*Work item:* From the entries below, write out exactly the lines between the line holding "Used 2013 Porsche Boxster S RWD image 33" and the line holding "Dolce & Gabbana", inclusive, excluding any pictures.

*Source material:*
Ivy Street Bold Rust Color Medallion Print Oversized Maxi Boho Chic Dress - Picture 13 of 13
--
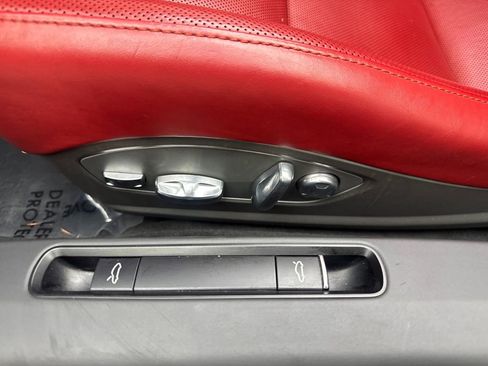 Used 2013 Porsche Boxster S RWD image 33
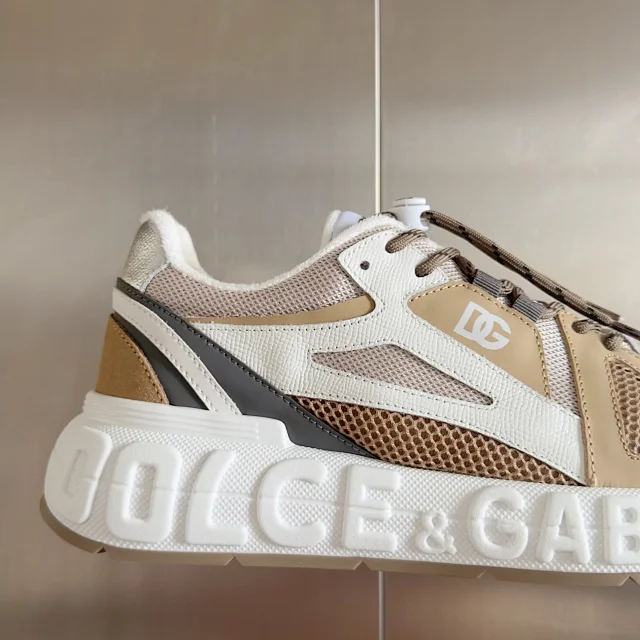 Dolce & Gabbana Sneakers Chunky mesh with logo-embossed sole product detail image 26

*Expected answer:*
 Used 2013 Porsche Boxster S RWD image 33
 Dolce & Gabbana Sneakers Chunky mesh with logo-embossed sole product detail image 26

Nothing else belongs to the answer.